Sind Sie eh noch wach?
In Tirol schickt eine Gemeinde ihre Kirchenglocken nun nachts schlafen. Die Wirte mehrerer Pensionen hatten den örtlichen Pfarrer darum gebeten: Der Gäste Schlaf wurde in der Nacht unterbrochen, und zwar vielfach. Die Glocken hatten zu jeder Viertel, jeder halben und jeder vollen Stunde geläutet: Wer schon einmal in einem Nachtlager ganz nah eines Kirchturms oder unweit einer Pendeluhr darauf gewartet hat, dass es fertig zwölf geschlagen hat, weiß, dass das sehr, sehr lange dauern kann. Endlos. Das Läuten scheint überdies mit jedem Schlag lauter zu werden, bis es am Ende unerträglich, ja regelrecht schmerzhaft ist. Dieser Schmerz und der Ärger über seine im Grunde unnötige Zufügung können einem nachhaltig den Schlaf rauben.
Die viertelstündlichen Schläge, die in Zeiten von Smartphones nur noch der frequenten Versicherung dienen, dass das Schlagwerk klaglos funktioniert und dass man definitiv immer noch wach ist, sorgen dafür, dass der Schlaflosigkeit eine gewisse Permanenz immanent wird. Das wiederum kann den Erholungsfaktor im Urlaubsort maximal minimieren.
Dafür gibt es auch wissenschaftliche Untermauerung: Forscher der ETH Zürich maßen 2011 die Lautstärke der Schläge in 27 Schlafzimmern in der Umgebung von neun Kirchen im Kanton Zürich und analysierten gleichzeitig den Schlaf der darin Nächtigenden. War man bis dahin davon ausgegangen, dass Schlafende erst ab einem Geräuschpegel von 60 Dezibel erwachen, wies die Studie eine Störung des Schlafes schon bei weit geringerer Lautstärke nach.
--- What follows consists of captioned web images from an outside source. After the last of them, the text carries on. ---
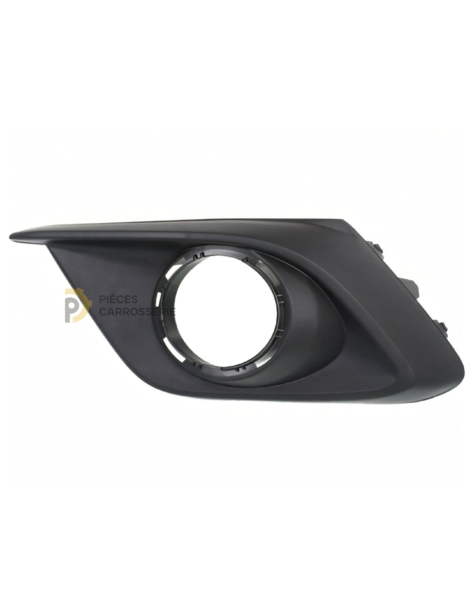 Grille gauche pare-chocs MAZDA 3 III avec trous antibrouillard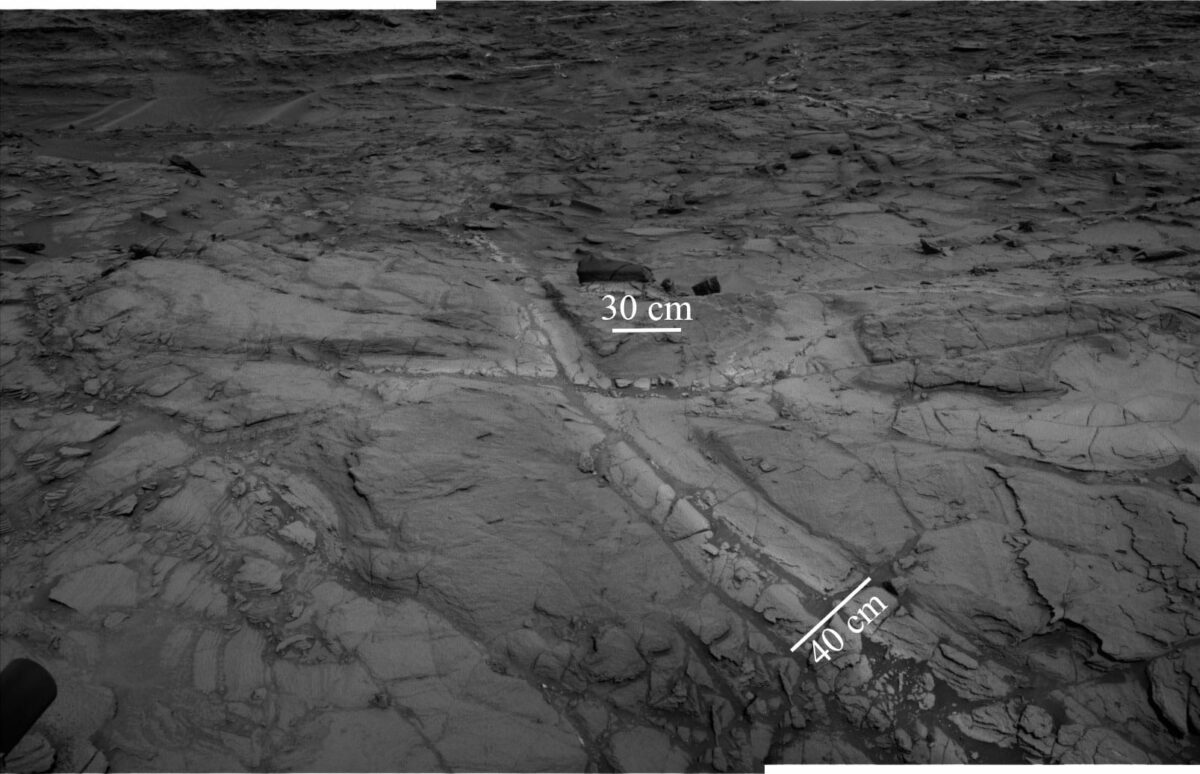 En Marte hubo agua líquida mucho antes de los pensado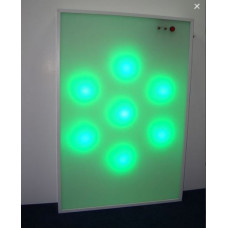 Интерактивная светозвуковая панель "Вращающиеся огни" RD001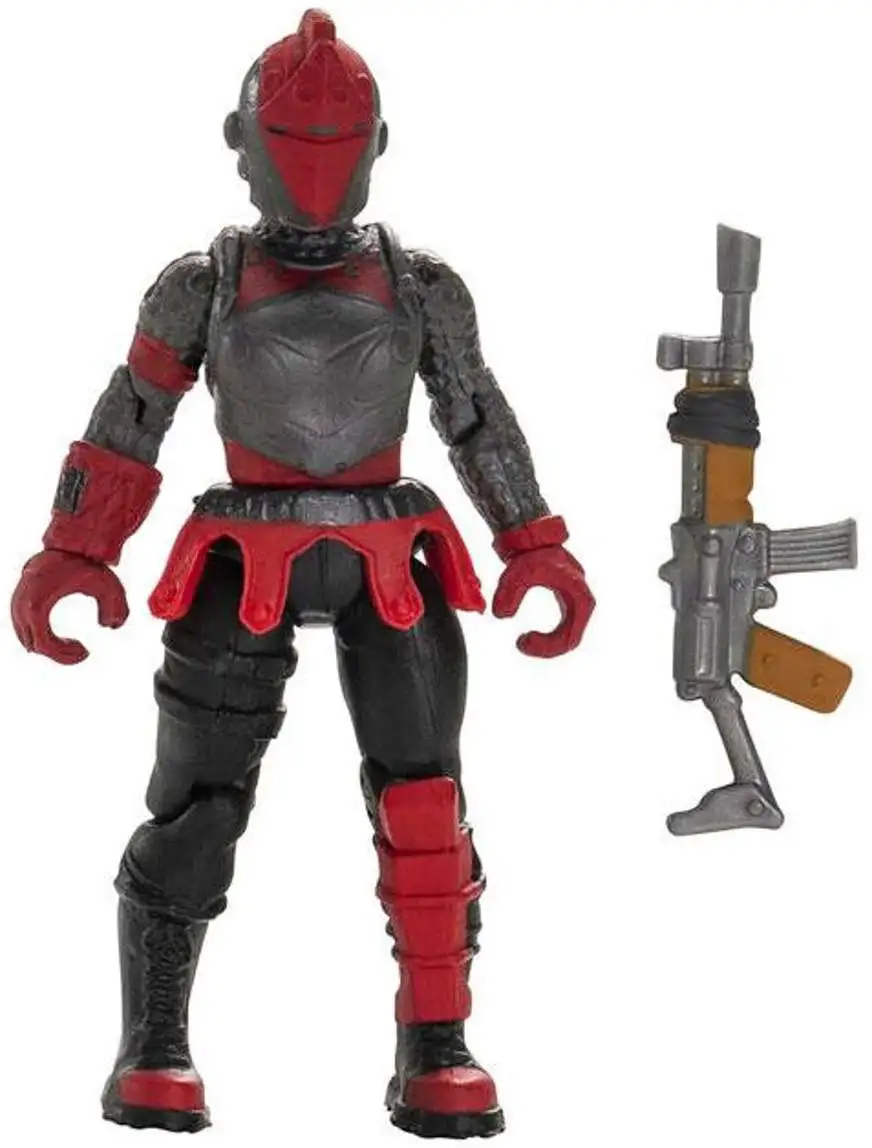 Fortnite Legendary Micro Series Red Knight 4 Mini Figure C1S1 Jazwares ...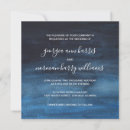 Recherche de blue watercolor invitations Bride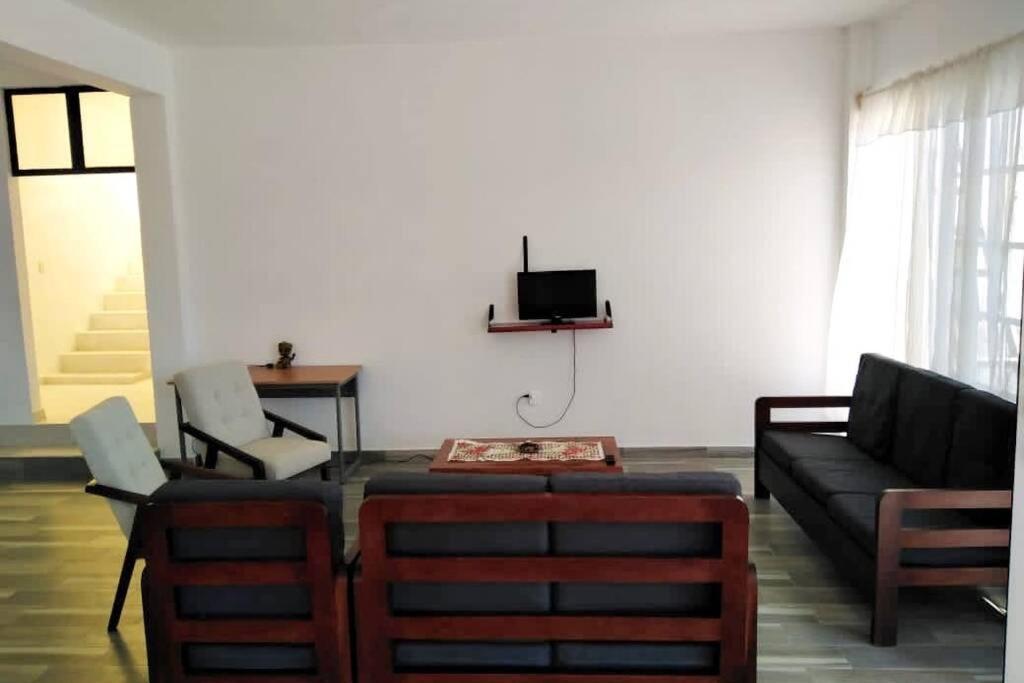 Kali-Mali Casa De Campo Eco-Friendly Malinalcoヴィラ エクステリア 写真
Der Pfarrer des besagten Ortes zeigte Verständnis für den Wunsch von Touristen und Wirtschaft und sorgte für die erflehte Nachtruhe, indem die Kirchenglocken nun von 22.15 bis 5.45 Uhr abgestellt werden. Man müsste meinen, das machte alle Menschen froh, doch dem ist nicht so. Tatsächlich scheinen mehrere Einwohner das nächtliche Läuten zu vermissen. Die liegen nun wach bis 5.45 Uhr und können vor lauter Stille nicht schlafen.